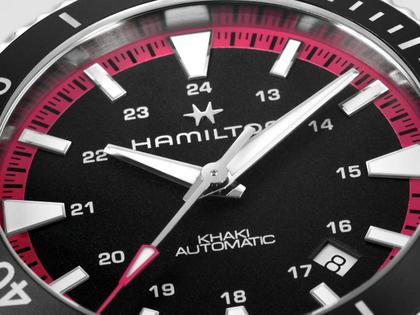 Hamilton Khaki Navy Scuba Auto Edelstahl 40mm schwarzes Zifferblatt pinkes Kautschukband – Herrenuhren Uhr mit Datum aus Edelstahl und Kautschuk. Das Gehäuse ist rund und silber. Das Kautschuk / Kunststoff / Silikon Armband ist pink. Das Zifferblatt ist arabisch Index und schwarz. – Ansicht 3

▬▬▬▬▬▬▬▬▬▬

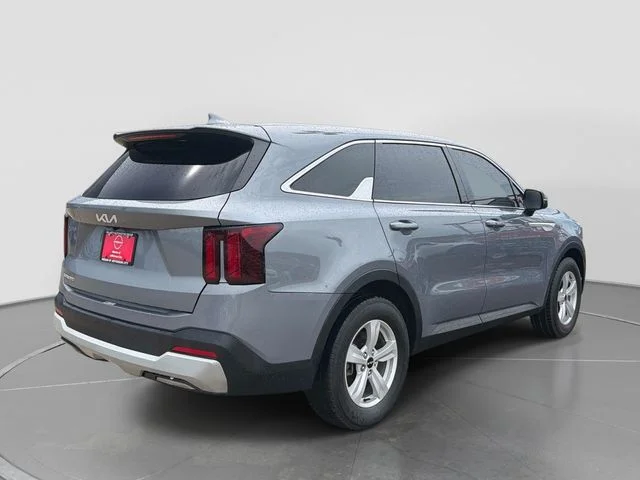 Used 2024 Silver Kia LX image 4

▬▬▬▬▬▬▬▬▬▬

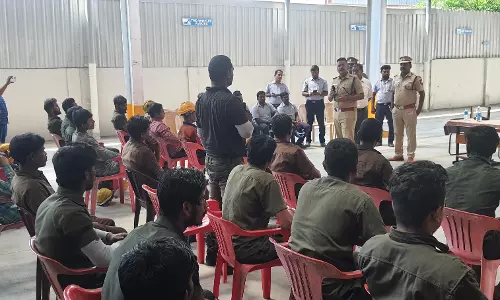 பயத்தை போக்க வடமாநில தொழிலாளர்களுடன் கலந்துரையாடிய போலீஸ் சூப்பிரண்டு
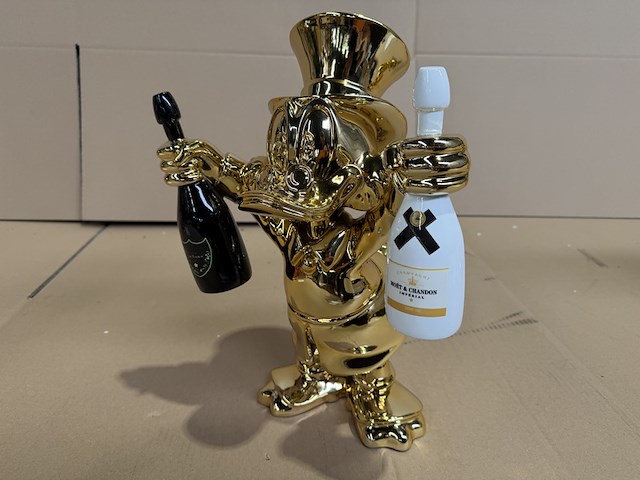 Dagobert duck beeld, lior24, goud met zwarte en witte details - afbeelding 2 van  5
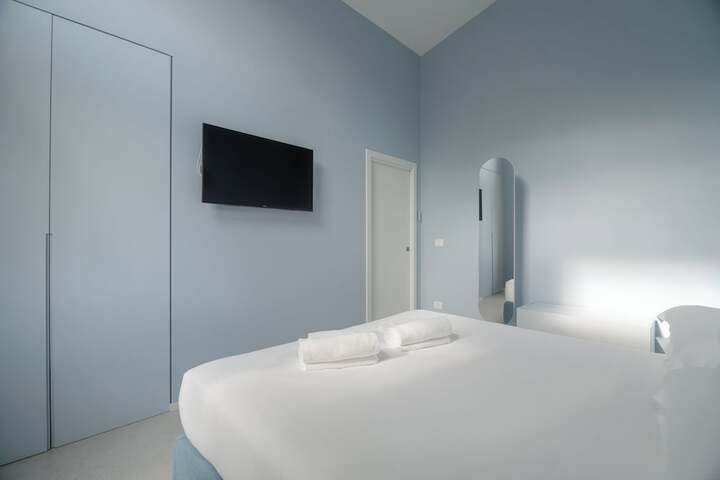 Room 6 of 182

▬▬▬▬▬▬▬▬▬▬

- Task goal -
Quote the lines above exactly, starting with the one that has "பயத்தை போக்க வடமாநில" and ending with the one that has "Room 6 of 182"; drop the pictures and include nothing else.

- Answer box -
 பயத்தை போக்க வடமாநில தொழிலாளர்களுடன் கலந்துரையாடிய போலீஸ் சூப்பிரண்டு
 Dagobert duck beeld, lior24, goud met zwarte en witte details - afbeelding 2 van  5
 Room 6 of 182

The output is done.